La longue histoire de la FrançAfrique montre malheureusement le peu d’efficacité des politiques d’aide au développement à construire des nations structurées autour d’une conscience citoyenne partagée. La souveraineté obsessionnelle prônée par des dirigeants indifférents au prérequis de la cohésion sociale conduit à l’implosion des structures étatiques dès que les armes s’en mêlent. L’histoire commune est parsemée d’épisodes dictant à Paris un soutien complaisant et inconditionnel à des régimes sans assise populaire, voire méprisant ouvertement leurs populations, cela, au nom de l’impératif illusoire de la stabilité. Cette-stabilité est déjà perdue au Mali, au Niger, au Burkina Faso et le cercle s’élargit indépendamment des hauts faits militaires sur le terrain. Prises en étau, les sociétés penchent de plus en plus du côté des agitateurs extérieurs affiliés d’Al Qaïda et de Daech, qui savent attiser la révolte. Ainsi, on les distancie de l’ancien maître colonial français, perçu – non sans raison – comme un ennemi de l’Islam (cf. l’actualité interne et les médias nationaux).

Que faire, face aux cousins des Talibans, pour ne pas s’enliser dans un scénario à l’afghane ? Les dirigeants africains, Mali en tête, envisagent de prendre langue avec l’ennemi, ce qui, d’un point de vue politique sinon moral, ne manque pas d’une certaine pertinence, du moins à long terme. Paris feint d’être révulsé. Certes, le scénario afghan n‘est pas un remède. Peu de temps passera avant que les Talibans ne chassent le régime ‘’pro-occidental’’ de Kaboul, qu’ils s’emparent à nouveau du pays et martyrisent encore leurs concitoyens. Ceux du Sahel, que nous taxons de ‘’terroristes’’ – un raccourci de propagande situant le niveau de violence mais pas les atouts et les motivations – devraient être sérieusement répertoriés et sondés. Les services doivent avoir une petite idée sur le sujet, mais les Français ignorent quels éléments armés seraient ‘’récupérables’’ et quelle recomposition politique ceci entrainerait. Le mieux serait que les régimes africains, conscients de ce que leurs armées ne sont pas d’une grande utilité et que les militaires français ne produiront pas de miracle, s’attèlent sérieusement à la recherche d’un dialogue politique et social avec ceux d’en face, triés sur le volet.

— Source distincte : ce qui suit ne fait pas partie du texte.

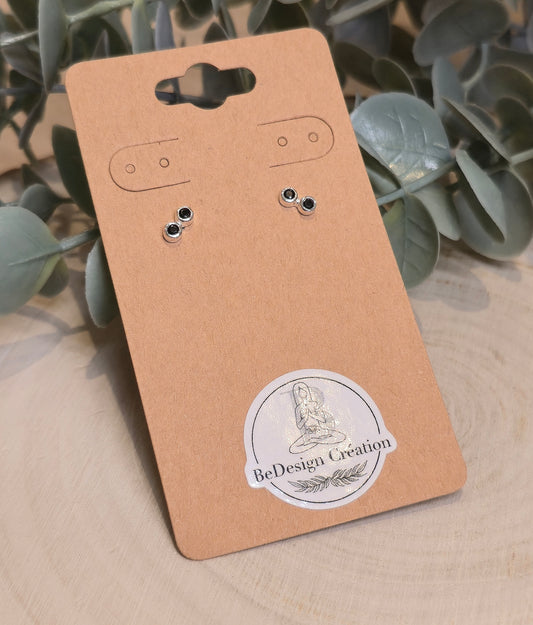 Boucles d'oreilles Onyx double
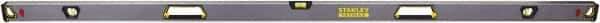 Stanley - 72" Long 3 Vial Box Beam Level - Aluminum, Black/Silver/Yellow, 1 Level & 2 Plumb Vials - All Tool & Supply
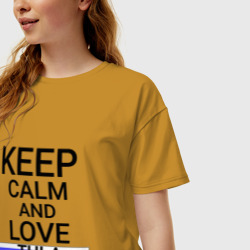 Женская футболка хлопок Oversize Keep calm Tula Тула - фото 2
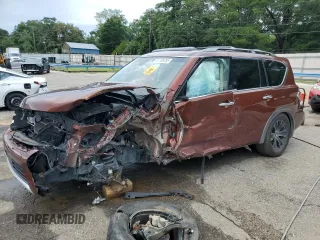 2017 Nissan Armada Platinum with VIN JN8AY2NF2H9301743, listed as a Copart auction lot 61199385 with Not provided miles and Salvage title. Bid and sale history available at DreamBid. Image 1.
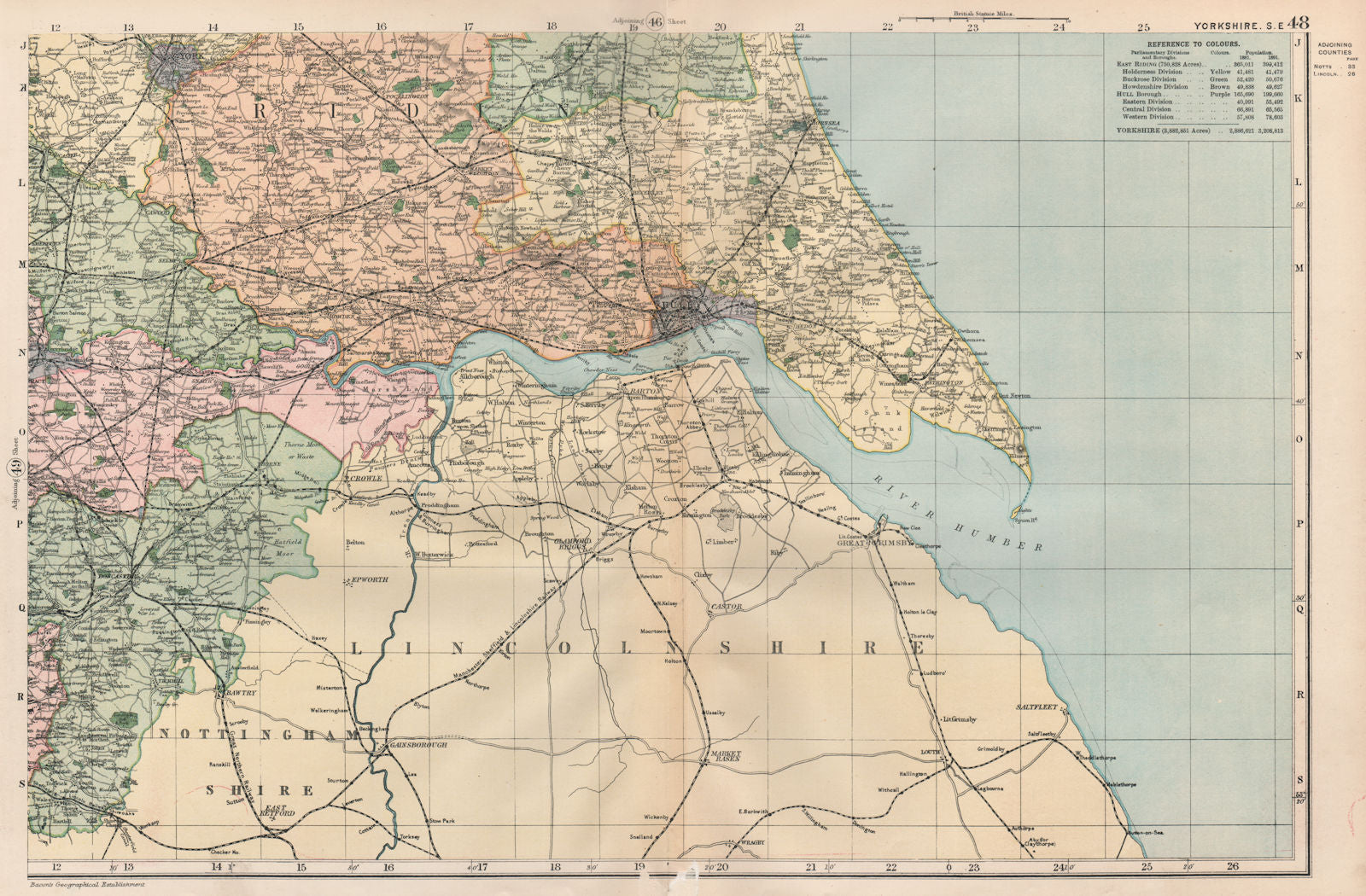 HUMBER ESTUARY.Yorkshire South East.Shows Parliamentary divisions.BACON 1896 map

Même là, les ressentiments, les discriminations l’absence de culture citoyenne et les mauvaises habitudes perdureront comme autant d’écueils. On sera seulement passé d’un modèle afghan à un risque de pourrissement, à la colombienne. Mais l’Europe pourrait alors contribuer à consolider les sociétés africaines, par son soft power, plus puissant que le poids de ses armes.